How Gutlessly Oblivious To Feigned Integrity Can Selling Culture Be?

America's celebrity-centric, popularity focused, major news outlets have harped the last days, chiming in about members of the Internal Revenue Service investigating the non-profit status of smaller less-influential local groups in the Tea Party movement
As described by  in The New York Times under Uneven I.R.S. Scrutiny Seen in Political Spending by Big Tax-Exempt Groups is a fair summation of why the smaller groups were touched on and others with larger influence were not bothered with as too intimidating themselves. 

Everyone without the political pull to create a stink with the IRS is investigated in this country as holds true throughout the world where people can't convert what little money they have into power. 
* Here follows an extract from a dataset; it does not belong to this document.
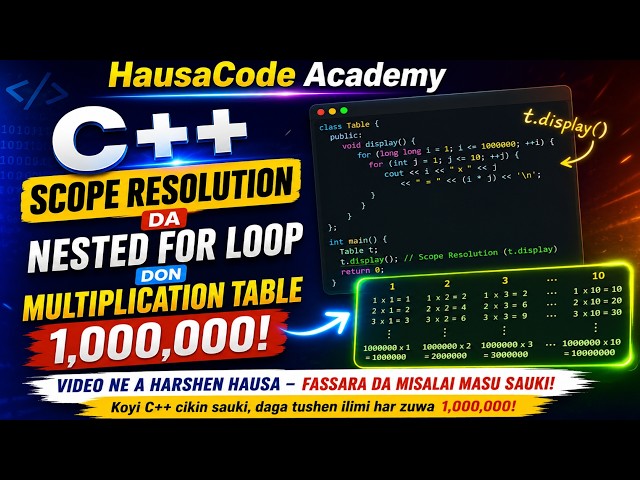 C++ Scope Resolution & Nested Loop | Darasi a Hausa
In the U.S. we're called in to face IRS investigators with a lawyer to represent us and compromises are reached while the numbers required to survive skyrocket beyond ordinary mortals reach. Period. Though in principle we all realize if the mountains of funds financing the assorted industrial complexes really did filter back through society, tax rates might be more reasonable and millionaires who need millions more to clear a million might not be as inclined to lead us to this precipice where pennies have been reduced to worthlessness. 

Non-profit applies to more of us than necessary and it doesn't take images of economists shrugging their shoulders to understand that truth.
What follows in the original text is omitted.